The new cypher is the personal property of Charles, 73, who officially ended the period of royal mourning for Queen Elizabeth on Monday along with other members of the royal family and the royal household. He chose the design from several that were created by the palace’s heraldry experts, the College of Arms.
The King already adapted a new signature that came with his place as sovereign, signing his name as “Charles R” on official documents as well as the note left on top of Queen Elizabeth’s coffin during her funeral services. During her historic reign, Queen Elizabeth would sign official communications as “Elizabeth R.” When used by Queens, the “R” stands for “Regina,” or “Queen” in Latin.
The King, who is currently staying in Scotland, also has a slightly different version for use in Scotland — that cypher features a depiction of the Scottish Crown. King Charles and Queen Camilla’s time in the highlands of Scotland followed an intensely busy period of public events and ceremonies, which King Charles had to carry out amid his own mourning at his mother’s September 8 death. She died “peacefully” at Balmoral Castle at age 96.
On Sunday, King Charles and Queen Camilla headed to Crathie Kirk near Balmoral for church services as they continue their stay in Scotland. Last week, the King’s office released a photo showing him at a mahogany desk in Buckingham Palace’s Eighteenth Century room, working through the papers that are delivered to him every day in the diplomats’ red boxes.
The photograph must not be digitally enhanced, manipulated or modified in any manner or form when published. The photograph will be free for press usage until 7th October 2022. It must not be used after this date without prior, written permission from Royal Communications.
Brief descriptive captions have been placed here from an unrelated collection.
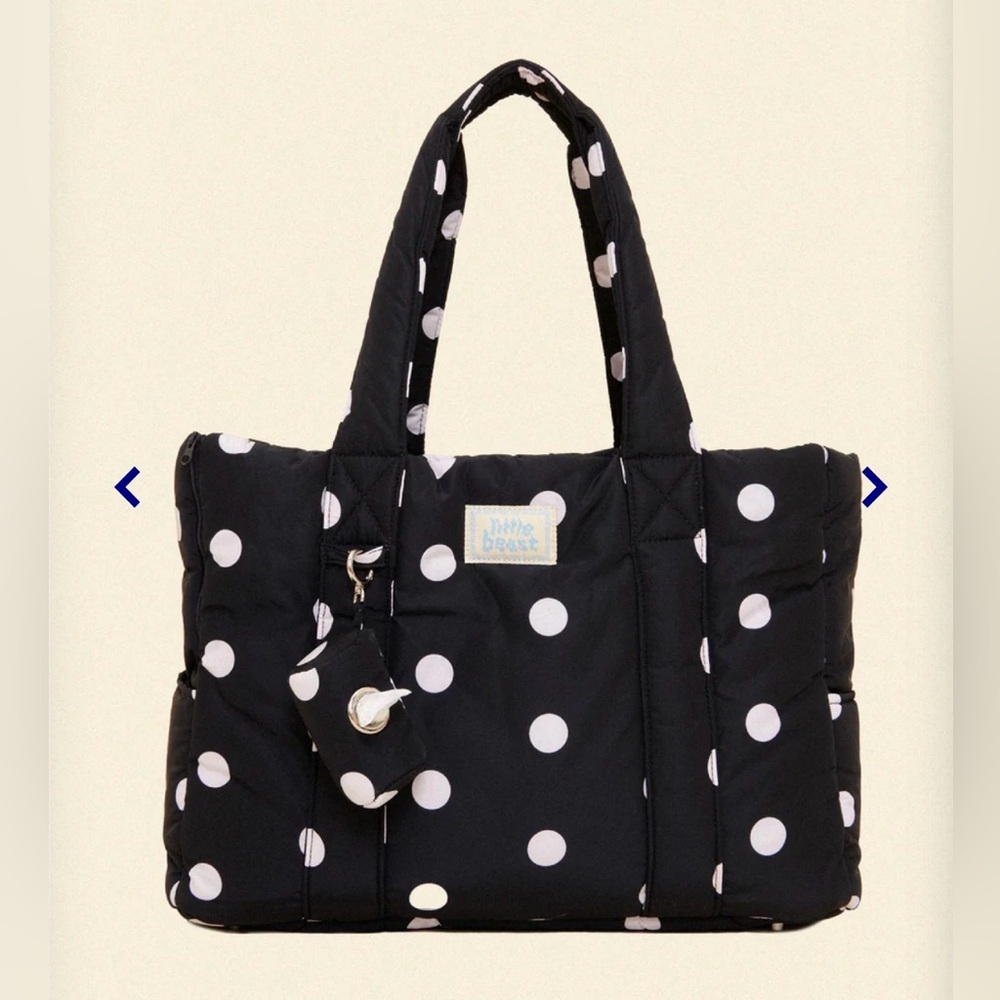 Little Beast Co Polka Dot Dog Carrier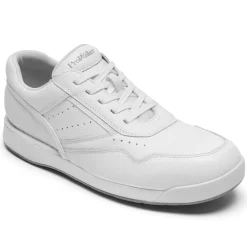 Tênis>Rockport Sapato ativo masculino Prowalker 7100 Plus com cadarço Couro Branco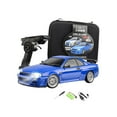 thumbnail image 3 of 1/18 RC coche a coche modelo con luces 4WD Control remoto tecnología de coche Drifts RC coche niñas niños regalos de cumpleaños azul, 3 of 9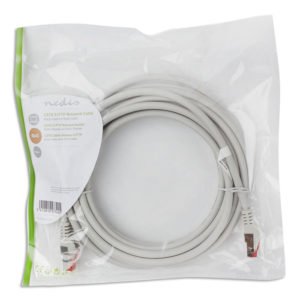 NEDIS CCGP85221GY50 Cat 6 S/FTP Network Cable RJ45 Male - RJ45 Male 5.0 m Grey | ΚΑΛΩΔΙΑ / ADAPTORS | elabstore.gr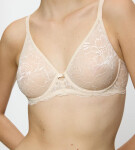 AMOURETTE CHARM - nevystužená podprsenka s kosticami a čipkou Triumph CREAMY DREAM 75G
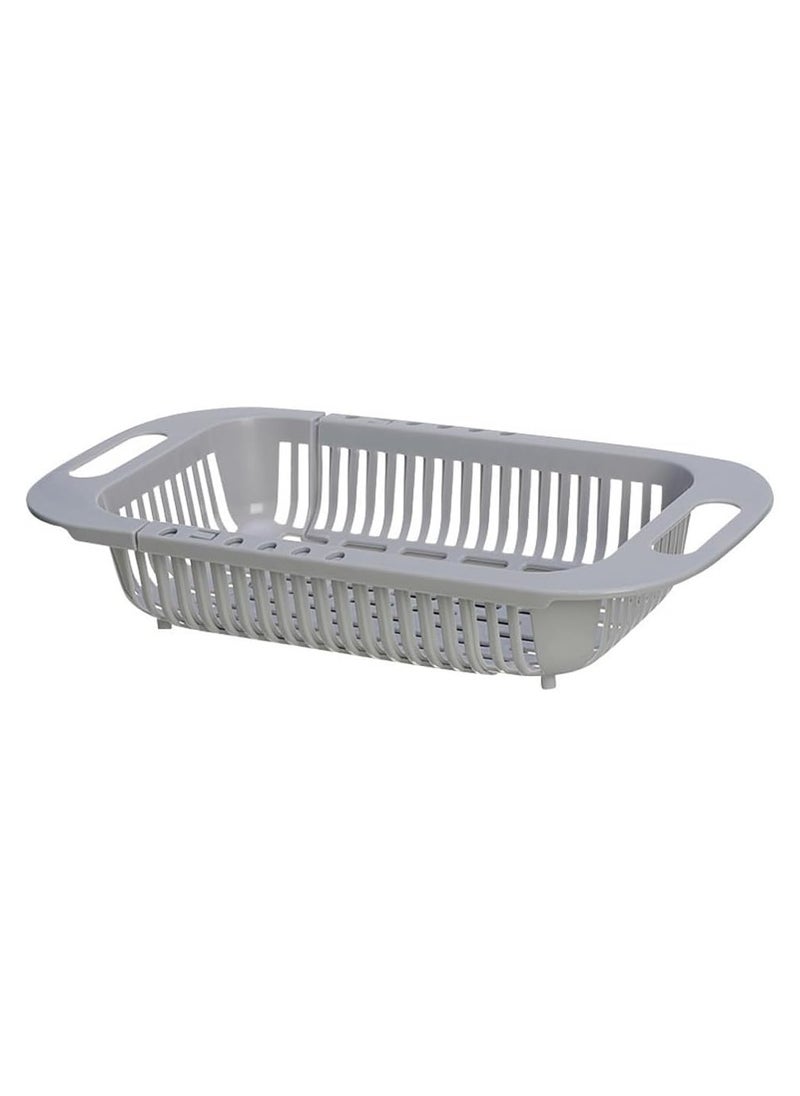 MIRFA Extendable Kitchen Sink Colander Strainer Basket (Grey)  - Image 1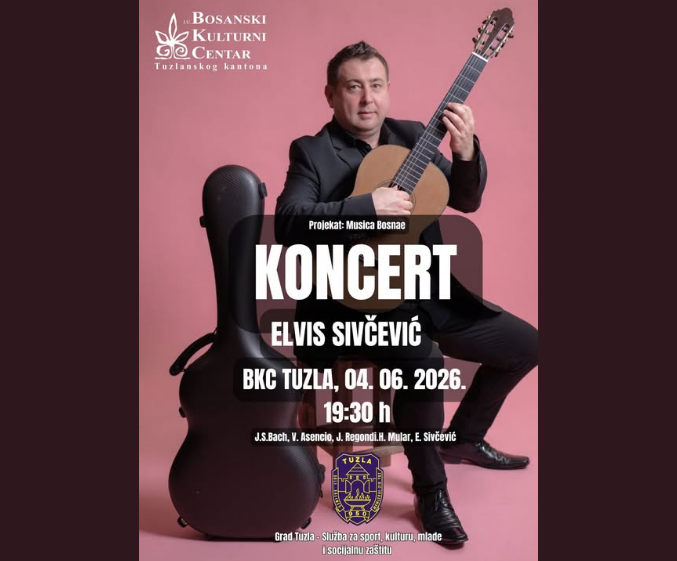 Solistički koncert Elvisa Sivčevića Tuzla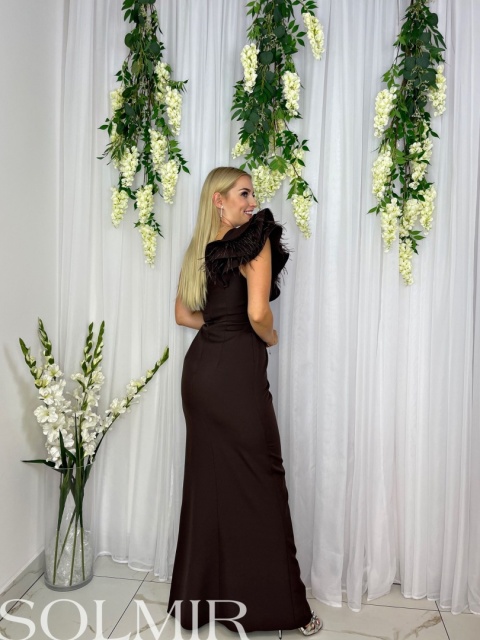 Sukienka FLEUR MAXI czekolada Sukienka FLEUR MAXI czekolada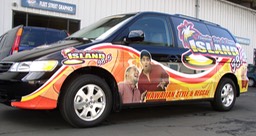 Island 98.5 radio van•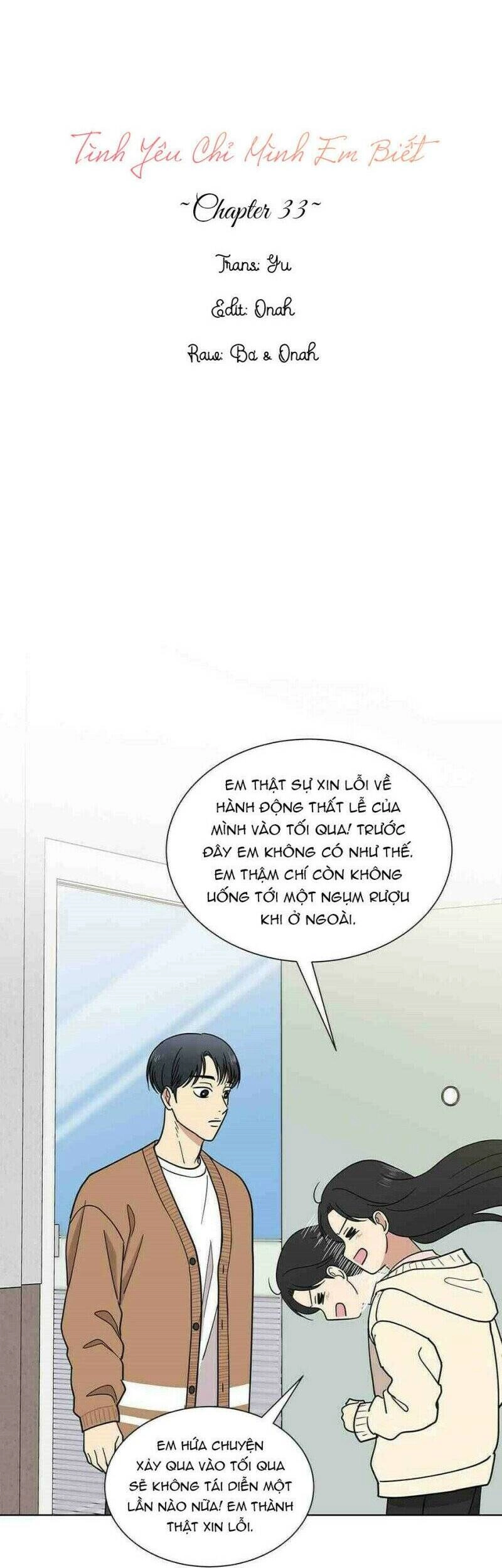Tình Yêu Chỉ Mình Em Biết Chapter 33 - 6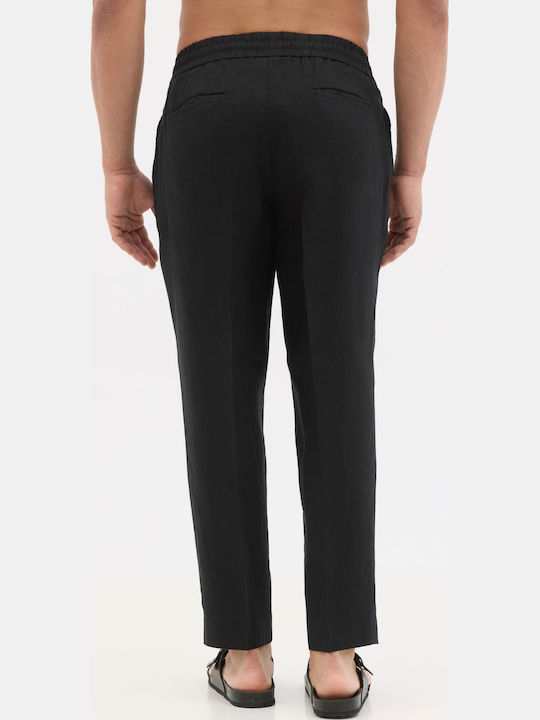 Herrenhose Entspannte Passform Schwarz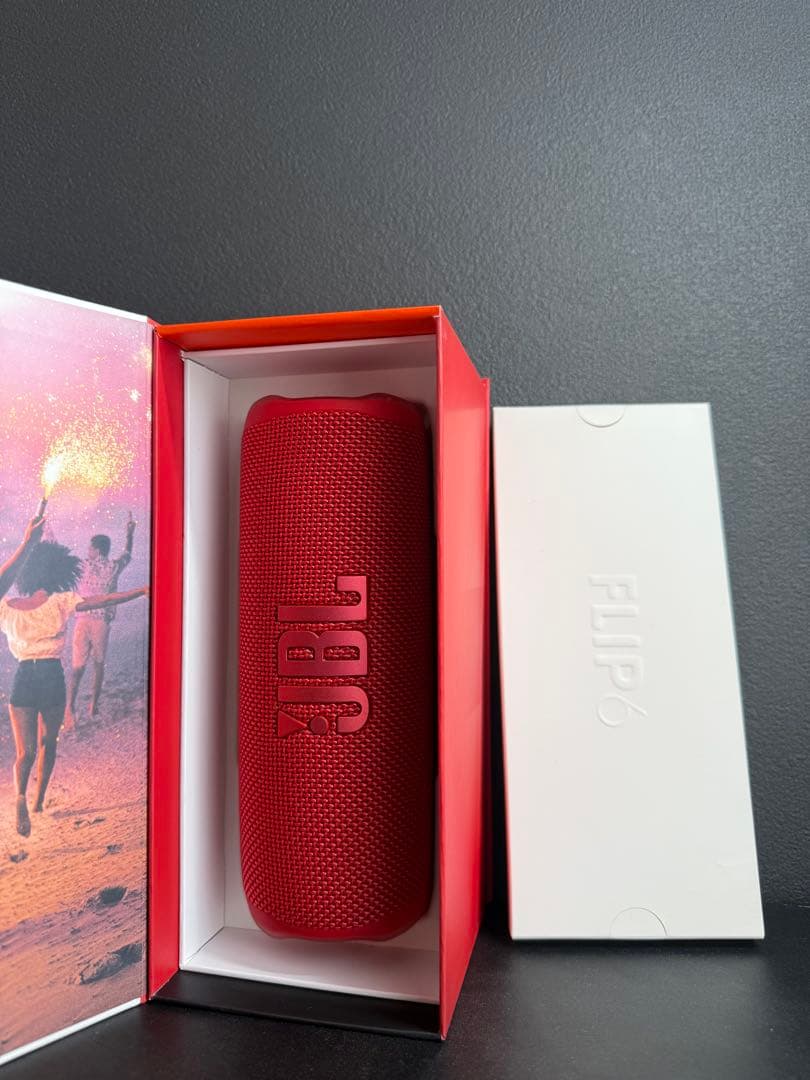 『高音質』JBL FLIP6 ワイヤレススピーカー レッド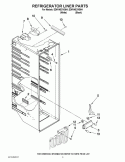 REFRIGERATOR LINER PARTS Diagram and Parts List for ED5VHEXVQ04  Whirlpool Refrigerator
In this image released on September 23, King Charles III carries out official government duties from his red box in the Eighteenth Century Room at Buckingham Palace, London.
Behind Charles is a black and white photograph of his late parents, Queen Elizabeth and Prince Philip. It was given by the couple to her father, King George VI, for Christmas in 1951 — the last holiday season before he died in February 1952.